Margaret Bannerman, actress (b Marguerite Grande at Toronto 15 Dec 1896; d at Englewood, New Jersey 25 Apr 1976). Bannerman attended Bishop Strachan School, Toronto, and Mount Saint Vincent Academy, Halifax.

Bannerman, Margaret

Margaret Bannerman, actress (b Marguerite Grande at Toronto 15 Dec 1896; d at Englewood, New Jersey 25 Apr 1976). Bannerman attended Bishop Strachan School, Toronto, and Mount Saint Vincent Academy, Halifax.

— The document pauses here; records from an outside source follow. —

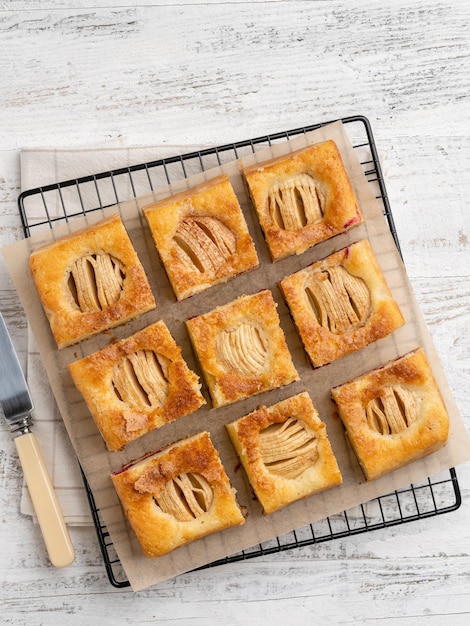 Apple cake sliced in square portions on white wooden table Fall pie autumn bakery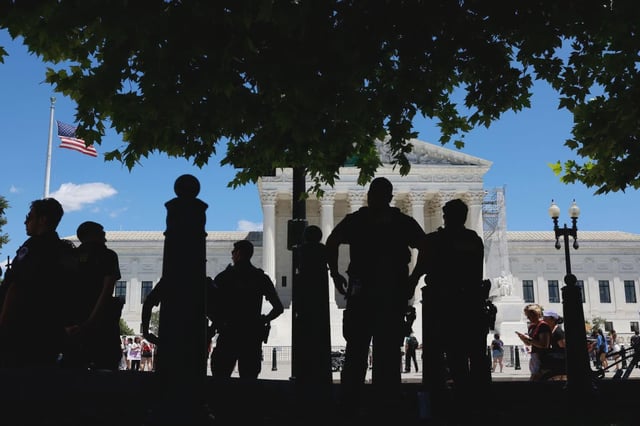 Protesters form a silhouette outside the Supreme Court in Washington, D.C.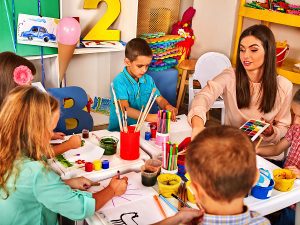 Female preschool teacher working on an art project with her students. 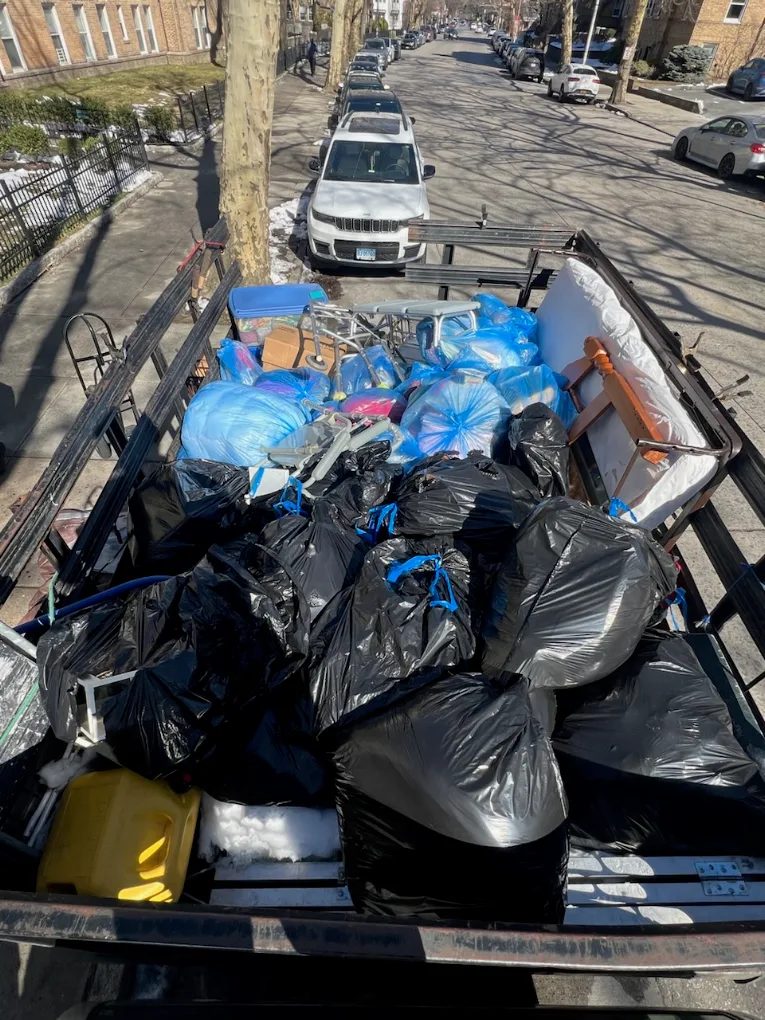 Afford It truck bed loaded with bags, a mattress and household items from a junk removal job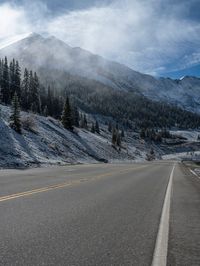 a single motorcycle is driving in the middle of a road between mountains in the snow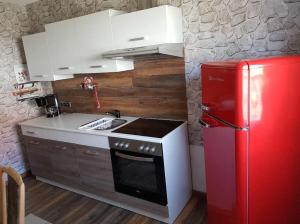 eine Küche mit einem roten Kühlschrank und weißen Schränken in der Unterkunft Köhlers Ferienhaus in Schöppenstedt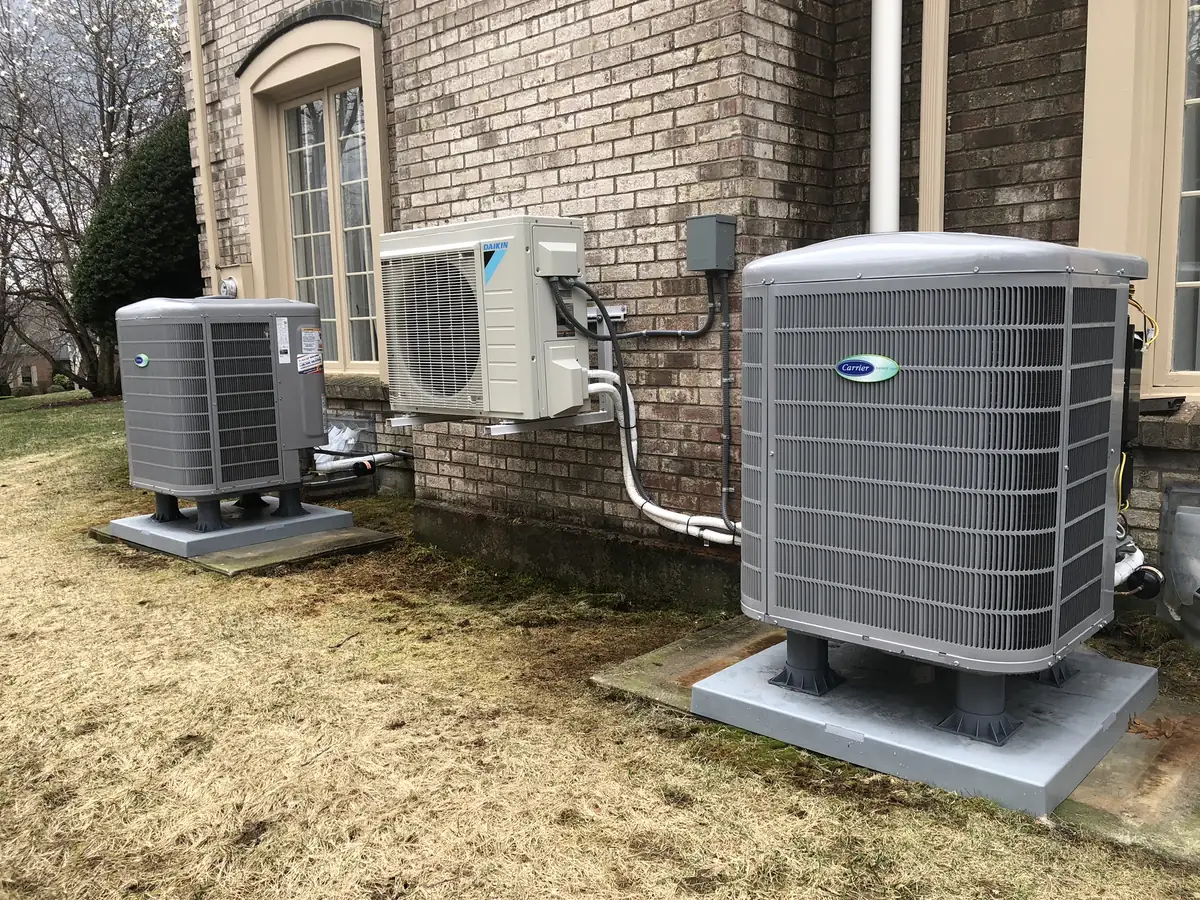 Heat pump condensers outside a New Hampshire brick home installed by A.J. LeBlanc Heating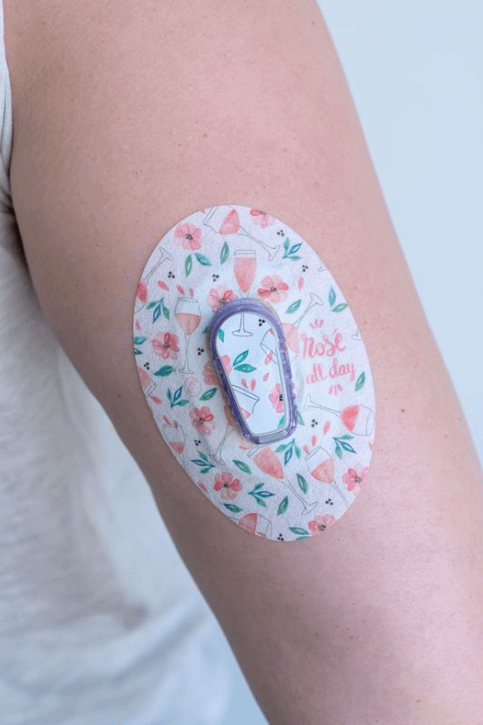 ExpressionMed, Rose All Day Dexcom G6 Transmitter Sticker, Tape & Sticker, Human Wearing Rose Themed CGM Adhesive Patch Design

She and her family moved to England at the outbreak of World War I, where her professional stage apprenticeship began with Gertrude Lawrence in Charlot's Revue of 1915. Playing primarily in light comedy and revues, she became a great favourite of servicemen during the war; her photograph regularly illuminated the pages of the Canadian Daily Record, the special newspaper distributed to Canadian troops serving in Europe.

She is best remembered as Lady George Graystone in Somerset Maugham's Our Betters, which ran for 548 performances at the Globe Theatre, London. In the 1920s, her fame rivalled that of Edith Evans and Sybil Thorndyke. A nervous breakdown in 1925, four days before the opening of Fallen Angels by Noel Coward, interrupted her career. After a year-long tour of Australia in 1928, she resumed her London stage career before moving to America in the mid-1930s.

Bannerman's movie credits in the 1930s included Lily Christine, Two White Arms, Over the Garden Wall, The Great Defender, I Give My Heart and the operetta The Loves of Madame Dubarry. After World War II, she made Cluny Brown with Charles Boyer and Peter Lawford and The Homestretch with Cornel Wilde and Maureen O'Hara.

Her first professional engagement in Canada was as Lady George in Our Betters at the ROYAL ALEXANDRA THEATRE in 1940. Playing Mrs Higgins in the North American touring production of My Fair Lady brought her to Toronto a second time in November 1963. She then retired to an actor's home in Englewood, New Jersey, where she continued her life-long interests in furniture and antiques until her death in 1976.

Margaret Bannerman's talents were perfectly suited to light entertainment. Having recognized her own strengths and weaknesses, she carefully crafted a career on stage and film in the genre in which she excelled.